Our research complies with all relevant ethical regulations. The study protocol was approved by Applied Bioinformatics Laboratories of New York University Grossman School of Medicine and the Department of Surgery of Leiden University Medical Center. The analyses were performed using anonymized archival material, not necessitating additional informed consents. Data from TCGA-COAD was open-accessed, ensuring patient anonymity without risk of patient identification. All institutions contributing annotated biospecimens provided documentation to the TCGA, and have obtained ethical approvals to use the sample and data according to the human subjects protection and data access policies in TCGA program. Archival material derived from the AVANT-trial (BO17920) was performed in accordance with the declaration of Helsinki30,31. Protocol approval was obtained from the local medical ethics review committees or institutional review boards at participating sites.
Study population
The TCGA-COAD dataset was used for training and extracting features and histologic patterns using SSL. This dataset consisted of 451 WSIs from 444 unique patients29 with matched genetic and transcriptomic information. We excluded duplications and WSIs with erroneous resolution that were not suitable for the analyses (i.e. only several kilobytes in size). The final TCGA training set included 435 WSIs from 428 patients with a diagnosed pathological TNM-stage I-IV colon carcinoma (333 alive, 94 dead, and 1 missing vital status). We referred to the source population which TCGA-COAD representing as the “standard-of-care” group, contrasting it with the clinical trial external test data described below.

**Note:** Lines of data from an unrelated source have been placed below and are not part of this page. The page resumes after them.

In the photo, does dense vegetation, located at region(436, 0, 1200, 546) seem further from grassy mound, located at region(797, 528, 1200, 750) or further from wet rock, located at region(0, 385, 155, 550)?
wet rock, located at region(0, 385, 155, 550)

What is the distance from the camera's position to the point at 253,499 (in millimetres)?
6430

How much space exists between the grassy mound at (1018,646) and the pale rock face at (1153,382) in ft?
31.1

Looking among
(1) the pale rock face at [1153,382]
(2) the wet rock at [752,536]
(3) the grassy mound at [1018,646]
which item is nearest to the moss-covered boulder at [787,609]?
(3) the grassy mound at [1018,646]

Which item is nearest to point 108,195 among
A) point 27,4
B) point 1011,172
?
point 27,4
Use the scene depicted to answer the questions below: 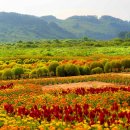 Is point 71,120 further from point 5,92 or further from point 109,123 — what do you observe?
point 5,92

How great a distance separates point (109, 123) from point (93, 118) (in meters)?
0.99

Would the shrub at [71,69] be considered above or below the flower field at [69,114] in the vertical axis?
below

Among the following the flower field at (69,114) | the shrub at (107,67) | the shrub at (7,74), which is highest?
the flower field at (69,114)

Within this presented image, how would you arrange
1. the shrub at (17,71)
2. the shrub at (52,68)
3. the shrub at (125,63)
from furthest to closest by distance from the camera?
the shrub at (125,63)
the shrub at (52,68)
the shrub at (17,71)

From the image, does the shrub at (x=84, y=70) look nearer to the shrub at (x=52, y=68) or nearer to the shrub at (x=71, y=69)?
the shrub at (x=71, y=69)

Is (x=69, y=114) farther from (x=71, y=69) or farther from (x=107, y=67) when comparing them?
(x=107, y=67)

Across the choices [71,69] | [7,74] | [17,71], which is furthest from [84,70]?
[7,74]

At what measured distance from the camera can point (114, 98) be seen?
14.5 metres

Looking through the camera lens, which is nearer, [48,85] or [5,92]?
[5,92]

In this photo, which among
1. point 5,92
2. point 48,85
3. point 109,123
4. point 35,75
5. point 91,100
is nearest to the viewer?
point 109,123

As external dataset we leveraged a study comprising 1213 colon cancer patients with available diagnostic H&E WSIs (one WSI per patient) as part of the clinical Bevacizumab-Avastin® adjuVANT (AVANT) trial30,31. Bevacizumab, a VEGF monoclonal antibody, had initially been shown to improve the OS in patients with metastatic colon cancer when jointly used with the standard chemotherapy33. In the phase III AVANT trial, with an intent-to-treat population of 3451 patients, an open-label design was used30. Patients were randomly assigned in a 1:1:1 ratio to three different treatment regimens: FOLFOX-4 (intravenous 5-fluorouracil/folinic acid plus oxaliplatin), bevacizumab-FOLFOX4, and bevacizumab-XELOX (oral capecitabine plus intravenous oxaliplatin)30. The study aimed to investigate whether adding bevacizumab to the standard oxaliplatin-based adjuvant chemotherapy could improve DFS among patients with stage II-high risk and III colon cancer30. However, the trial was prematurely terminated due to the serious adverse effect on the patient’s OS in the bevacizumab-treated group30. The AVANT trial was chosen also due to the previously studied potential correlation of VEGF, the stromal compartment (e.g. TSR), and patient prognosis31,38,43. For a detailed overview of the trial and patient characteristics, see Zunder et al.31.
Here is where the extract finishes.